“This type of asymmetric quantum entanglement has been predicted before on paper, but we are the first to actually create it in the lab,” study author Mehul Malik said.
To understand how truly impressive this innovation is, one must first know exactly what “quantum entanglement” really means.
Cosmos magazine has a fun way of explaining the idea of “quantum:”
“Step into your kitchen with a jar of peanut butter in your hand. You could decide to put the jar on the counter-top, or on one of the shelves above it. But you can’t put the jar between shelves – that just doesn’t make sense. In physics-speak you’d say the shelves of your kitchen are “quantised”. It just means they come in levels. In the quantum world, everything is split into levels.”
Entanglement is when two particles (in this case photons) are intimately connected so that measurement on one instantly affects the other, no matter how far away it is,
“It’s like when you were a kid and your uncle showed you a colored ball in each hand, then mixed them up behind his back. From your point of view, the two balls were “entangled” – if the red ball is in his left hand, it means the blue ball is in his right. But the quantum situation is more mysterious because the “balls” don’t have defined colors, they are color shifting – at any instant they can turn out red or blue with equal chance. It’s totally random.”
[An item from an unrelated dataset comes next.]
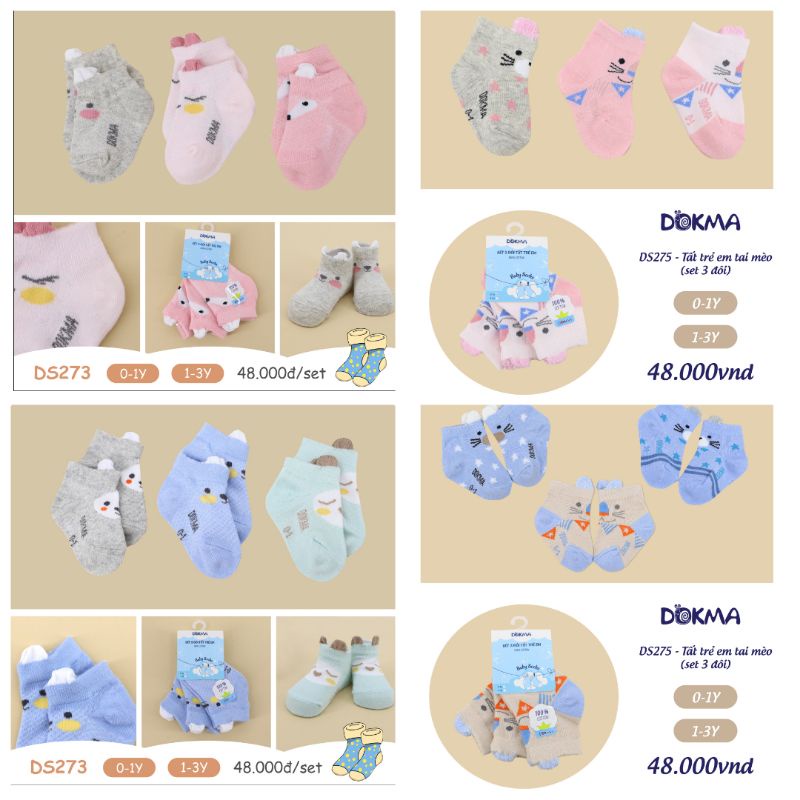 (SÉT 3 ĐÔI) TẤT TRẺ EM PHỐI TAI DOKMA CHO BÉ ( 0-1Y)(1-3Y)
Since the 1970s, scientists have been working on ways to utilize the unique properties of quantum theory to transmit information along a secure quantum hotline. Theoretically, entanglement could be used to code sensitive information with a quantum key. Any attempt to tamper with the link and steal the information would immediately destroy the entanglement.
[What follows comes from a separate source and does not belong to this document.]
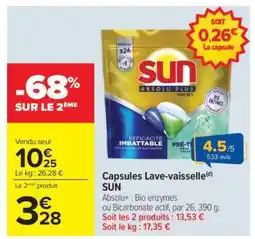 Carrefour Capsules Lave-vaisselle SUN offre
Physicists have managed to entangle many particles, including more than 100,000 photons. But so far the link was only symmetric – meaning it would only be useful for simple, two-party communication. In order to use entanglement for encryption, the opportunity for more interaction was needed.
Enter, the Austrian and Spanish scientists. They’ve produced a sort of “asymmetric” entanglement. This required entangling three photons in three dimensions, where all three photons are entangled, but two of them on an extra layer. The extra layer means extra communication, thanks to the twist. In this model, the photons corkscrew through the air, rather than waving up and down, as they do in traditional “2D” entanglement.
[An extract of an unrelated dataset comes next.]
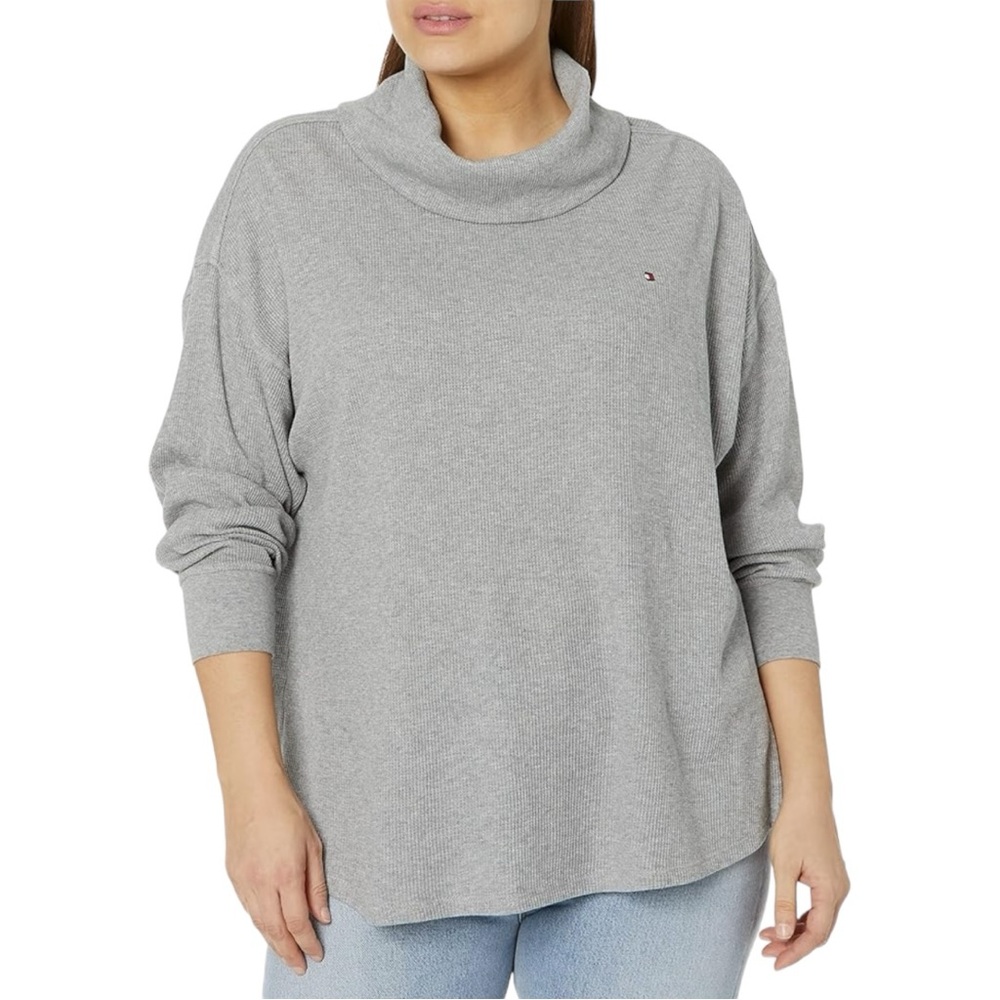 Tommy Hilfiger NWT Waffle Knit Gray Lightweight Sweater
This asymmetric 3D entanglement allows for different layers of information to be shared among multiple parties. Using this method, the team of scientists have already developed a quantum cryptographic protocol, which could one day allow quantum communication to pass information along photons in different layers.
There are a number of ways this method could be applied to future communication including the opportunity for quantum computing, encryption, or even a quantum internet.
“The experiment opens the door for a future quantum internet with more than two partners and it allows them to communicate more than one bit per photon,” senior author Anton Zeilinger explained.
The method was published in Nature Photonics.